Problem details: All of the data should be copied exactly, with the pictures left out.

[Opening Material for the task section]

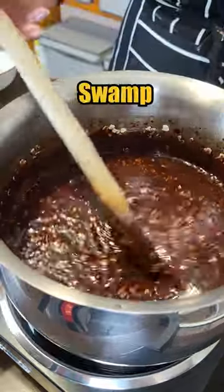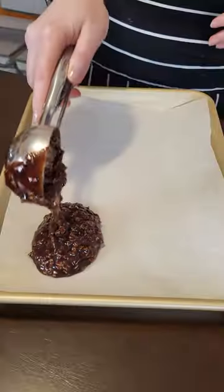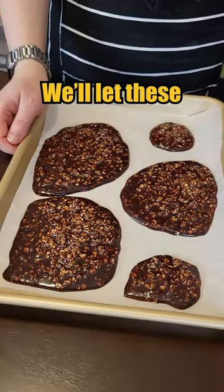This is more like a swamp than a mud pie. We'll let these cool.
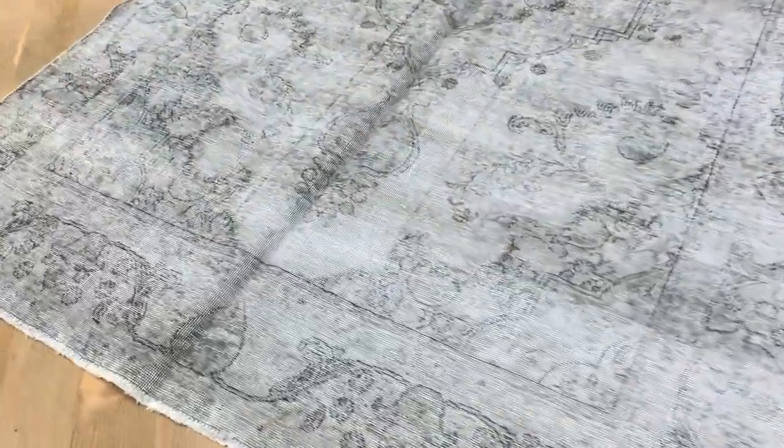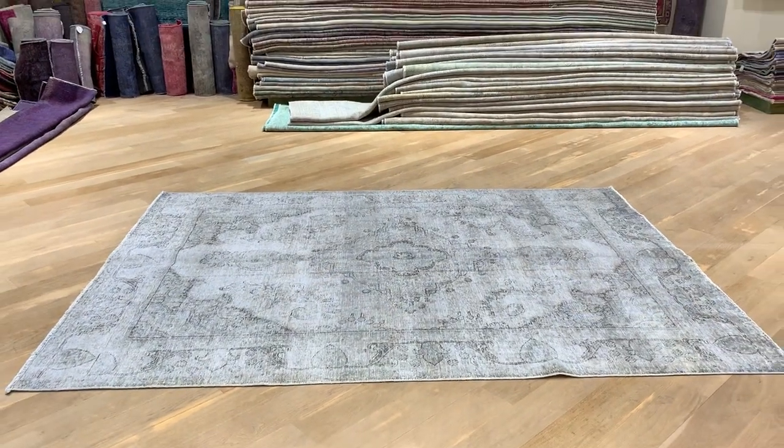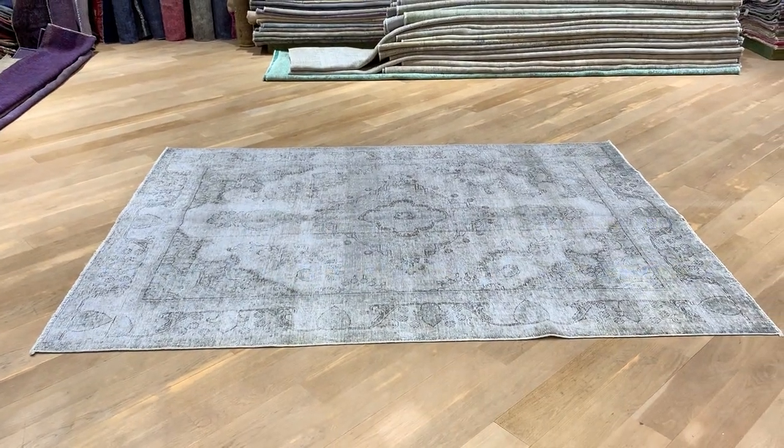This bigger part is just where the carpet was folded — it creates a shadow by itself. You can see if I go over it, it makes a shadow, but when I come on here it's really beautiful. This is why we decided to add this carpet to our luxury collection. If you have any questions about this carpet or any other carpet in our collection, feel free to contact us.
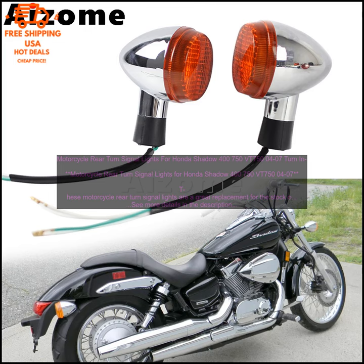The turn signals feature a stylish smoke lens and amber LED bulbs, and they're E-marked for street legality. They're also DOT approved, so you can be sure that they meet all applicable safety standards.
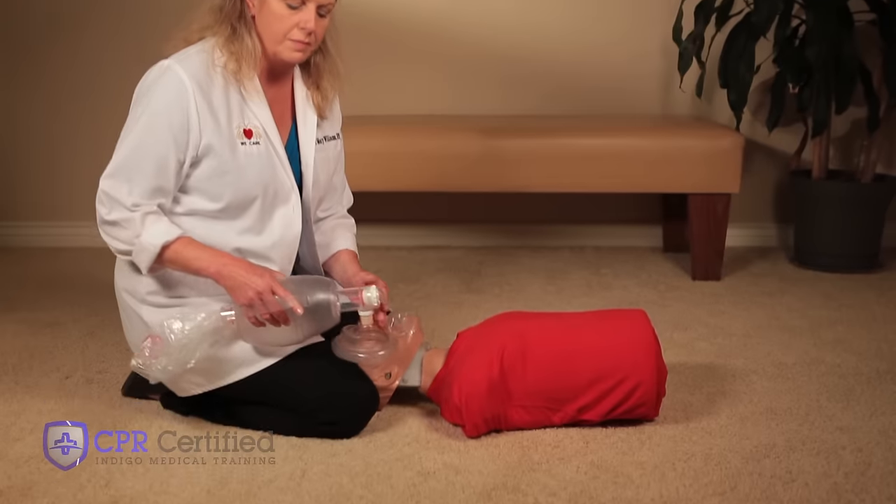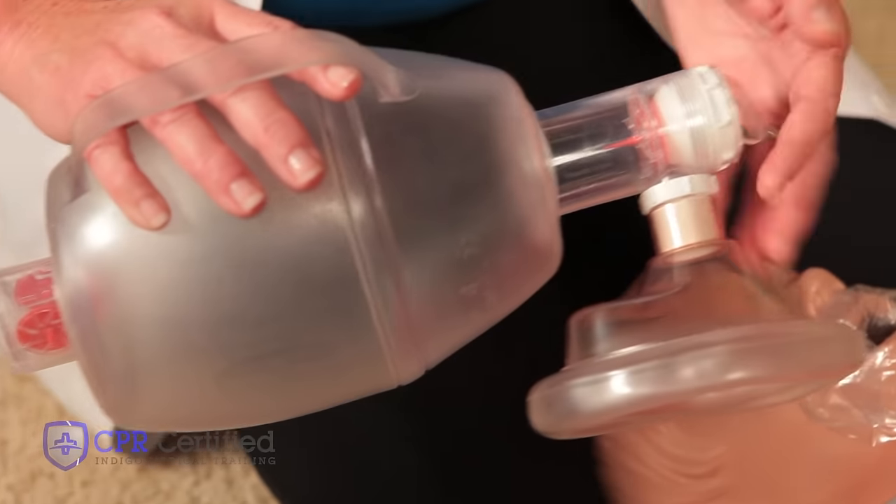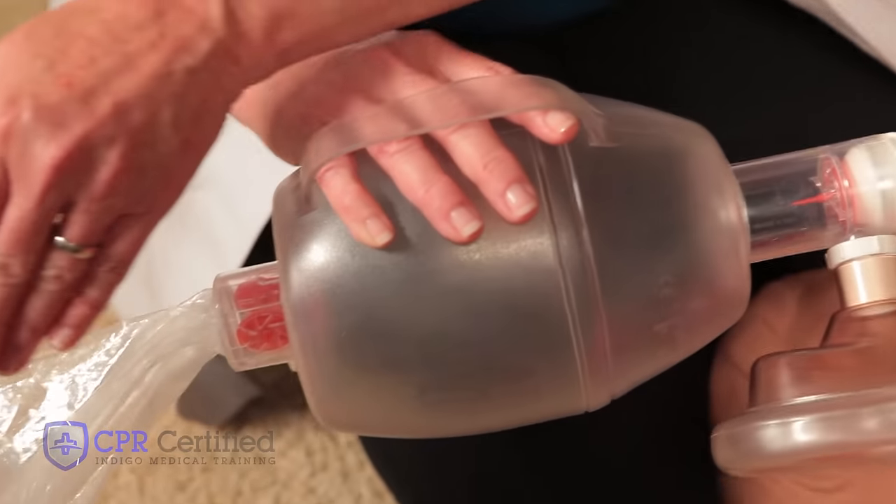When using an Ambu bag for CPR, it's easiest to stabilize the victim's head between your knees while you administer it. On an Ambu bag, there is a mouthpiece and a balloon-shaped bag.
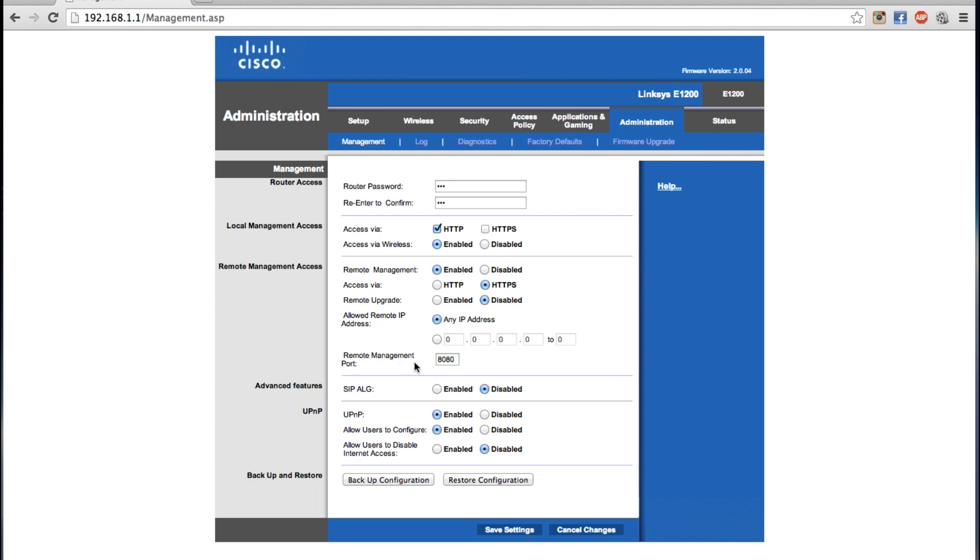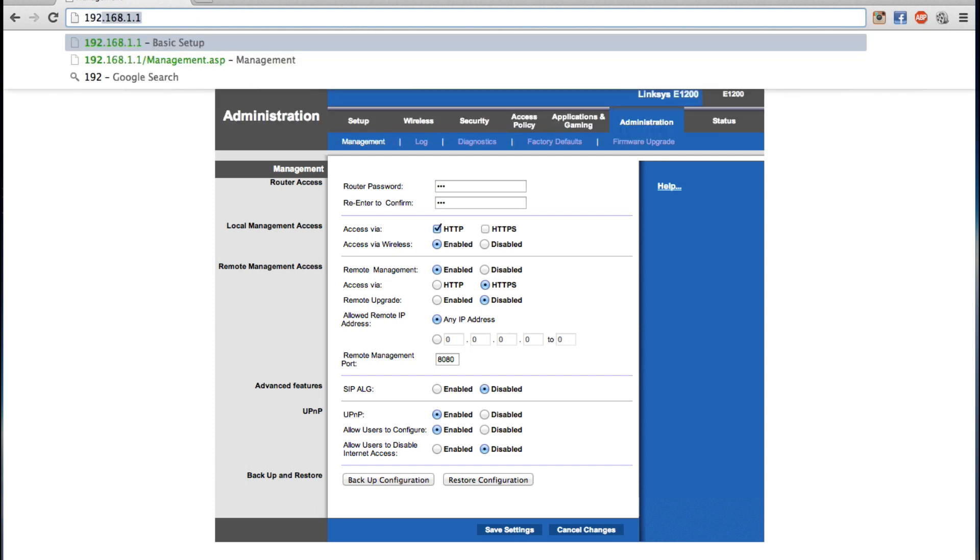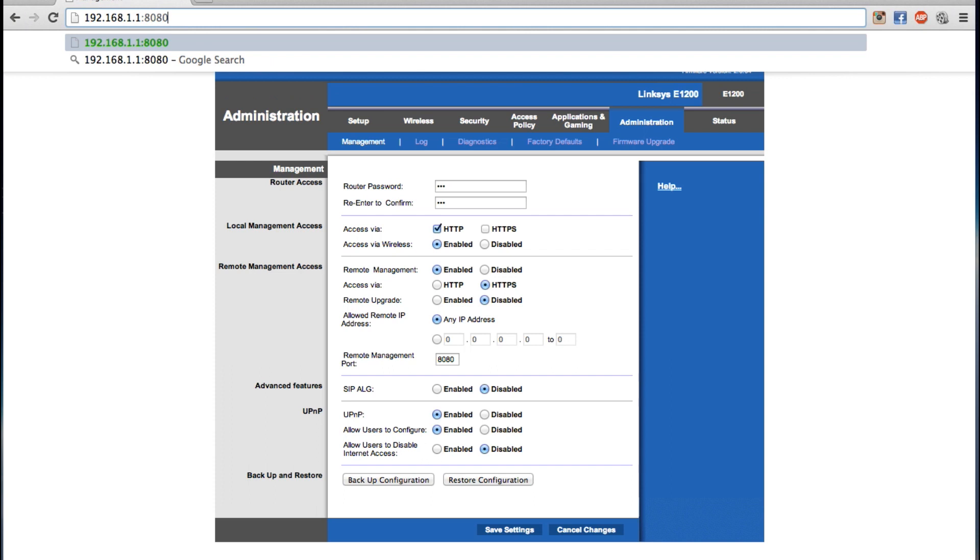Finally, when you type in the remote address to access the router, you're going to type in port 8080. The actual address for remote management of the router is going to look like this: 192.168.1.1 and then colon 8080. If I was somewhere else in the world, this is how I would remotely access the router — I would type in this IP address colon 8080, and then it would ask me for my username and password, and I could use this router as if I was sitting right here. And that's how you remotely access a Linksys router.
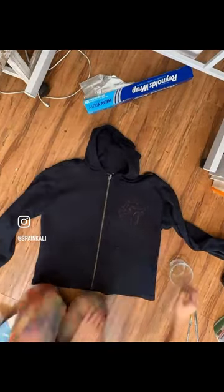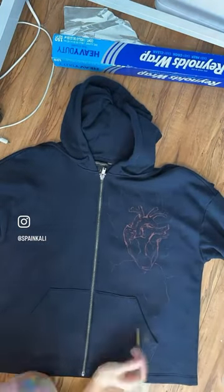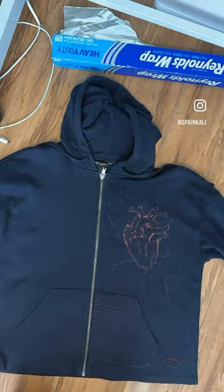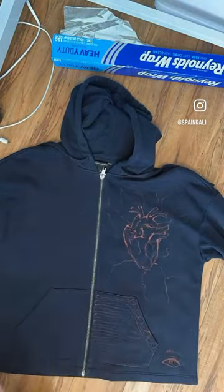I literally just got this jacket and a little bowl of bleach and decided that I wanted to paint on it. I painted a heart, and then I painted some other stuff. That eye right there — I came to really regret that terrible decision.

[Closing Material for the task section]

Expected answer:
This is more like a swamp than a mud pie. We'll let these cool.
This bigger part is just where the carpet was folded — it creates a shadow by itself. You can see if I go over it, it makes a shadow, but when I come on here it's really beautiful. This is why we decided to add this carpet to our luxury collection. If you have any questions about this carpet or any other carpet in our collection, feel free to contact us.
The turn signals feature a stylish smoke lens and amber LED bulbs, and they're E-marked for street legality. They're also DOT approved, so you can be sure that they meet all applicable safety standards.
When using an Ambu bag for CPR, it's easiest to stabilize the victim's head between your knees while you administer it. On an Ambu bag, there is a mouthpiece and a balloon-shaped bag.
Finally, when you type in the remote address to access the router, you're going to type in port 8080. The actual address for remote management of the router is going to look like this: 192.168.1.1 and then colon 8080. If I was somewhere else in the world, this is how I would remotely access the router — I would type in this IP address colon 8080, and then it would ask me for my username and password, and I could use this router as if I was sitting right here. And that's how you remotely access a Linksys router.
I literally just got this jacket and a little bowl of bleach and decided that I wanted to paint on it. I painted a heart, and then I painted some other stuff. That eye right there — I came to really regret that terrible decision.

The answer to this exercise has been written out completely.